Loi sur l’eau : contrôle renforcé des phytosanitaires

L’Assemblée nationale a décidé le 17 mai de renforcer le contrôle sur l’utilisation des produits biocides et phytosanitaires. Les députés, qui poursuivaient pour la troisième journée l’examen du projet de loi de Nelly Olin sur l’eau, ont adopté une série d’articles et d’amendements traitant de cette question. Parmi les dispositifs adoptés figure l’interdiction de «toute campagne publicitaire abusive» pour des pesticides. Il est ainsi décidé que la publicité sur ces produits «ne doit comporter aucune mention pouvant donner une image exagérément sécurisante ou de nature à banaliser leur utilisation». Figure aussi une réglementation plus stricte pour la vente de produits biocides, a souligné Nelly Olin. A été également adopté un amendement rendant «obligatoire tous les cinq ans» le contrôle des matériels destinés à l’application des produits antiparasitaires à usage agricole, et à l’application des produits biocides. Poursuivant l’examen du projet de loi sur l’eau, l’Assemblée nationale a ratifié le 18 mai la création d’un «fonds de garantie des risques liés à l’épandage agricole des boues urbaines et industrielles» tout en modifiant sensiblement, à l’initiative de rapporteur de la commission des affaires économiques, le député UMP du Pas-de-Calais André Flajolet, le dispositif initialement prévu par le gouvernement.

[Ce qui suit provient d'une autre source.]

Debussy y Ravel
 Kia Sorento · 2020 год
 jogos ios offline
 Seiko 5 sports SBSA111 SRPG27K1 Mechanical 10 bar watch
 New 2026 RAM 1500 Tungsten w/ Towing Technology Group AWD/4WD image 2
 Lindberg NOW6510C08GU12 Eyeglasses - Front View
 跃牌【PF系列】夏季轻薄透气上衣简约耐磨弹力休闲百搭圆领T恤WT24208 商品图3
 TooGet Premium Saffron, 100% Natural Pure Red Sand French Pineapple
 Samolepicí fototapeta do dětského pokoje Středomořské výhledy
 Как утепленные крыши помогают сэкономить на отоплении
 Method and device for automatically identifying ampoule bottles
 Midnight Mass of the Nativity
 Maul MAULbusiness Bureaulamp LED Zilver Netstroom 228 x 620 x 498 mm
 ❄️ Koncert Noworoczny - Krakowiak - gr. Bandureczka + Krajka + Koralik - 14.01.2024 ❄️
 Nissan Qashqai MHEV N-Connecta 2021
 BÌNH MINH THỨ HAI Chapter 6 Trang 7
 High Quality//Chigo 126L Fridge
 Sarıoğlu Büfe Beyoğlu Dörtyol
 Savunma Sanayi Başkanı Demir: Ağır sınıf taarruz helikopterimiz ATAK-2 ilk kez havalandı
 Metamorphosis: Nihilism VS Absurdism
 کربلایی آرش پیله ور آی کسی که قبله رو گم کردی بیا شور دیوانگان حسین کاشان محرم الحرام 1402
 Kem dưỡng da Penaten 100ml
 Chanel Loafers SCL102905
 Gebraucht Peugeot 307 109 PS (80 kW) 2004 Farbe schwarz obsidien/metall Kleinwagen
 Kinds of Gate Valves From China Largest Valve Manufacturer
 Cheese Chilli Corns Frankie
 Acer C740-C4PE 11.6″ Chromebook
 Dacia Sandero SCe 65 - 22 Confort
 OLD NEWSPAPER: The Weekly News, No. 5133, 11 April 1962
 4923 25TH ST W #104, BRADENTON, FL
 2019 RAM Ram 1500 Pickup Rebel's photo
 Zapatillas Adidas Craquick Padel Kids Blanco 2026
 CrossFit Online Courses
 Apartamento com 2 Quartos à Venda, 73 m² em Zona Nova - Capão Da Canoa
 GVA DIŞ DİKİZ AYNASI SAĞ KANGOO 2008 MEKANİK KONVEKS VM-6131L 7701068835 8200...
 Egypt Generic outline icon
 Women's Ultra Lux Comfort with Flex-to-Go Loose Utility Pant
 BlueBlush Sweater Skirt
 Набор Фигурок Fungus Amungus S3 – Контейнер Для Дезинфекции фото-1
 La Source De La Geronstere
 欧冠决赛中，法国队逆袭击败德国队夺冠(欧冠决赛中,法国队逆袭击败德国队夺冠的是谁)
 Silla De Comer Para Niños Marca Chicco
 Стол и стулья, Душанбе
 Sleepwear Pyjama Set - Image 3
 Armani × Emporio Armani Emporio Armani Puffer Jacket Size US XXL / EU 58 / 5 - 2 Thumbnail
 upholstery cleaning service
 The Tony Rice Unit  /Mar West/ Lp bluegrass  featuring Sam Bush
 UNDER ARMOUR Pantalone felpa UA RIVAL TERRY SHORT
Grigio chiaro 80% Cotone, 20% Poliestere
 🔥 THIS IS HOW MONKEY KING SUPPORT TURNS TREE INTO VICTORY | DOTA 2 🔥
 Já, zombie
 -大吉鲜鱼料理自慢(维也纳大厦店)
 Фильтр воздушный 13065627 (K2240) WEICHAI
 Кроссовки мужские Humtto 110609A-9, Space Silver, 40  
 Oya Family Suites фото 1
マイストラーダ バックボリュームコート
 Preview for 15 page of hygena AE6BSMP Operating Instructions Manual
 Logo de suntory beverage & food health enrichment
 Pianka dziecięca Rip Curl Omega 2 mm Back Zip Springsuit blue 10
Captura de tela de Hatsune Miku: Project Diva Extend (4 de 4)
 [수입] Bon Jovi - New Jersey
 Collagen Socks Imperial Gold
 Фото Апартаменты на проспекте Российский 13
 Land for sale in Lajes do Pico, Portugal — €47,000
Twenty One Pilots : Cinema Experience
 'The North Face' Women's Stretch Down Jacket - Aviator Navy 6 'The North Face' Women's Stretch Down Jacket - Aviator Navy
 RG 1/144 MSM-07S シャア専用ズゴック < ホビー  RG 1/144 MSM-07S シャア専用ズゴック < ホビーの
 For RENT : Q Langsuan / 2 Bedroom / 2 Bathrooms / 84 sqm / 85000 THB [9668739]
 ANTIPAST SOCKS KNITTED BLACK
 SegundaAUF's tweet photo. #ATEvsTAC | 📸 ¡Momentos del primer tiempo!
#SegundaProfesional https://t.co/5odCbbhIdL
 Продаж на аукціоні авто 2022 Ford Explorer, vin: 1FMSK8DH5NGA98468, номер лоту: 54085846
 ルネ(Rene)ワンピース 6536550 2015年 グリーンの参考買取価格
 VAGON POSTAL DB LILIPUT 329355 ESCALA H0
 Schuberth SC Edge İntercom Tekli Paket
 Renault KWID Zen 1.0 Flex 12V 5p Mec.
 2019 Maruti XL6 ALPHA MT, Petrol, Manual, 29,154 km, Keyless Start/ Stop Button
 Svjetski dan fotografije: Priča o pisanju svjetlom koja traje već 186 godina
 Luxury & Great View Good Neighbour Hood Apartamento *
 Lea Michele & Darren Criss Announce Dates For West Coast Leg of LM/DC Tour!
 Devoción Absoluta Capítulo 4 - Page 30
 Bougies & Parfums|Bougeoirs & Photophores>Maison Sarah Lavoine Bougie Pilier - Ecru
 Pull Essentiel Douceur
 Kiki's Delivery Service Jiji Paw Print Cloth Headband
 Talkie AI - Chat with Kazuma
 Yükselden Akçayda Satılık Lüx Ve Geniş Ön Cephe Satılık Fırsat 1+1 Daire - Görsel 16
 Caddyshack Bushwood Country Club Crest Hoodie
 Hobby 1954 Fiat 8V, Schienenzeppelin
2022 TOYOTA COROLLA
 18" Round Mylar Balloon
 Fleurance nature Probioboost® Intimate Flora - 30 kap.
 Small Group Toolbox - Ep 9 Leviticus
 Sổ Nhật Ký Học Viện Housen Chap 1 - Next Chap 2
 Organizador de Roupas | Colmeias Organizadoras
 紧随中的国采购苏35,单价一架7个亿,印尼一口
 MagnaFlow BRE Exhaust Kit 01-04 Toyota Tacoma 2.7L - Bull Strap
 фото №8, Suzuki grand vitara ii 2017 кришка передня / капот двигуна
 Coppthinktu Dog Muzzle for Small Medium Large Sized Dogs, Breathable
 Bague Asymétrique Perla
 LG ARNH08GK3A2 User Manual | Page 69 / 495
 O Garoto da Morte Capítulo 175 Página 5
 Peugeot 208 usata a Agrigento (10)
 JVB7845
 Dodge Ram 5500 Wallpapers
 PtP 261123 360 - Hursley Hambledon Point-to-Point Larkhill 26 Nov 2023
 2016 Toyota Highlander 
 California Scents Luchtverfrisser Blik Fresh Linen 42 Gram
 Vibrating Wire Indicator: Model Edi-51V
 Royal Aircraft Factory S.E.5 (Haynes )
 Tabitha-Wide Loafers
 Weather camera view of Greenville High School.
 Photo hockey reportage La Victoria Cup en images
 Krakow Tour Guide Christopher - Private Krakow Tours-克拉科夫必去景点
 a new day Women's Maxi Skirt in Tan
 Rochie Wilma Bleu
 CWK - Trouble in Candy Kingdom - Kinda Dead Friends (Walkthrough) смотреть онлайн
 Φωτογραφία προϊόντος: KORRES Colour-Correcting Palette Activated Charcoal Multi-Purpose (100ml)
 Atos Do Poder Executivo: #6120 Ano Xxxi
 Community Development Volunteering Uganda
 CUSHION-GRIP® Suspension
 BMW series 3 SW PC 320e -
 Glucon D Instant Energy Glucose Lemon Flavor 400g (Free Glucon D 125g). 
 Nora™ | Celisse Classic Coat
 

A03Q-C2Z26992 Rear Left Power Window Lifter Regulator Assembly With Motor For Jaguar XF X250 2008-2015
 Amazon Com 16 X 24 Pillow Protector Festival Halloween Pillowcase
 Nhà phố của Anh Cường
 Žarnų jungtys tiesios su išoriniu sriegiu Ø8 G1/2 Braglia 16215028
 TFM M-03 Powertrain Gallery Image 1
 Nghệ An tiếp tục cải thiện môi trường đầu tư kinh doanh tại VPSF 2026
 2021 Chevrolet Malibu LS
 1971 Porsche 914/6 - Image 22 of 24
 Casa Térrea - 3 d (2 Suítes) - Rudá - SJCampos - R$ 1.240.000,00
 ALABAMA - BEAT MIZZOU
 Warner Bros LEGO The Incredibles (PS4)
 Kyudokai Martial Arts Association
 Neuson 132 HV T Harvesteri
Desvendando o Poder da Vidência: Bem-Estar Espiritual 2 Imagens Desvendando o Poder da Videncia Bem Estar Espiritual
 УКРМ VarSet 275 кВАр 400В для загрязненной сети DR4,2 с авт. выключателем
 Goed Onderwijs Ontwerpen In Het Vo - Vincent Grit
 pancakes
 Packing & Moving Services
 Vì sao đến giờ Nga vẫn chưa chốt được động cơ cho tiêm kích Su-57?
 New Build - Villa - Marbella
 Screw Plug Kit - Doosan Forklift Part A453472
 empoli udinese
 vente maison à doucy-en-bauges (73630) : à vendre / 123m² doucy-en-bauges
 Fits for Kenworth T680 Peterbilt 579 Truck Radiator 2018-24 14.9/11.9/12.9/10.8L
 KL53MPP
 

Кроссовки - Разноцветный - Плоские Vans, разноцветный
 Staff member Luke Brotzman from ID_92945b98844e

Syncopac : fusion annoncée avec Coop de France

«Le Syncopac fusionne dans Coop de France», a annoncé Daniel Rabiller, le président de la fédération des coopératives d’aliments composés, lors de l’assemblée générale de l’organisme le 23 mai. Cette décision, décidée à l’unanimité par le conseil d’administration du Syncopac, sera entérinée ensuite par l’assemblée générale de Coop de France fin 2006. «Le nom de Syncopac devrait à terme disparaître et l’organisation deviendra la section Alimentation animale du futur pôle animal de Coop de France», a confié Michel Dauchez, directeur adjoint de la fédération. Le Syncopac a été créé en 1954 et est devenu une fédération en 1973. «Une page est tournée, une autre s’ouvre. Il faut en permanence s’adapter», a commenté Daniel Rabiller, qui a confirmé son départ de la présidence après onze ans de service. Le nom de son successeur devrait être connu le 6 juin.

Essais OGM : dix-sept autorisations

Le ministre de l’Agriculture a autorisé, le 19 mai, 17 nouveaux programmes d’essais d’OGM, concernant le tabac et le maïs. A l’appui de sa décision, le ministre de l’Agriculture indique que chacun de ces programmes a reçu un avis favorable de la Commission du génie biomoléculaire. De plus, «les agents compétents ont réalisé une étude de terrain sur la faisabilité technique de chaque projet». Le ministre rappelle aussi que chaque projet a fait l’objet d’une consultation publique sur internet. Les opposants aux essais OGM pourraient néanmoins faire un recours contre cette autorisation compte tenu d’une récente décision du Conseil d’Etat estimant cette procédure d’enquête insuffisante.

Météorologie : assolements modifiés

Selon le Scees, la situation hydrologique très déficitaire de 2005 a incité les exploitants à modifier leurs assolements afin de recourir aux cultures les moins exigeantes en eau. Dès les semis d’hiver, ils ont augmenté les surfaces de céréales à paille et de colza pour semer moins de maïs au printemps. Les déficits en eau enregistrés pendant les mois d’hiver ont fait craindre des difficultés pour la campagne d’irrigation des cultures d’été mais les pluies survenues au mois de mars ont sensiblement amélioré la situation et la diminution des surfaces de maïs est moins marquée qu’en 2005.